Kaeya bajó de inmediato a la sala al oír como la mujer comenzaba, según Diluc, a torturarlo. Se oyó como bajaba las escaleras con definida calma, un rasgo común en su personalidad; de los dos niños, el de la heterocromía era el más racional y atento. Un chico dócil cuyas escasas sonrisas siempre lograban generar dulces suspiros entre las señoras del hogar, quienes al igual que su madre, pensaban que aquel comportamiento no era usual en un niño de su edad. Más de una vez a Kaeya le fue dicho que su silueta recordaba a la de un búho: paciente y observador, con un parche tapando su ojo, dando a relucir su personaje desde un ángulo aún más místico de lo que ya era.

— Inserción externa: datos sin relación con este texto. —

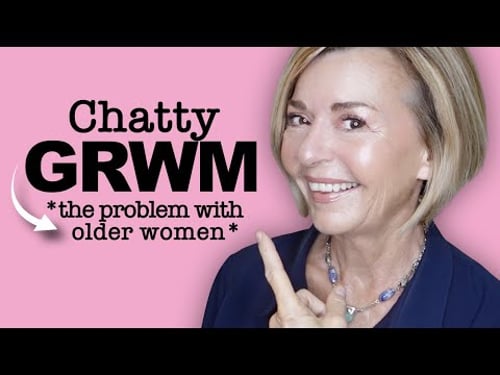 Chatty GRWM! The Problem with Older Women | Makeup Over 50, Over 60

—Entiendo, déjame ya. Adelinda, por favor, puedo yo solo —las quejas provenientes de un Diluc que intentaba liberarse de los cuidados de quien se podría decir era su segunda madre, con notable constancia se le presentaban graciosas a Kaeya, no obstante, el niño nunca dejaba ver su entretenimiento bajó el tono de solidaridad que mantenía con el Rangvindr menor. La pobre Adelinda, sin haber conseguido su cometido, no tuvo más remedio que soltar al chico, viendo como éste se volvía a desordenar la coleta sin un atisbo de vergüenza en sus actos.

—Kaeya, cuidame a este animal. ¿Vale, cielo? —como de costumbre Adelinda no volvió a insistir en retenerlos, siguiendo su habitual filosofía de que los chicos se educaban mejor cuando se les daba permiso de aprender por sí mismos, todo eso con sus habituales exclusiones. Kaeya asintió con un leve movimiento y esperó a que Diluc le dijera que ya podían volver a salir; el pelirrojo chico era feliz siendo el líder de su pareja y, por parte de Kaeya, nunca hubo oposición alguna hacia esa costumbre que se había generado involuntariamente entre ellos.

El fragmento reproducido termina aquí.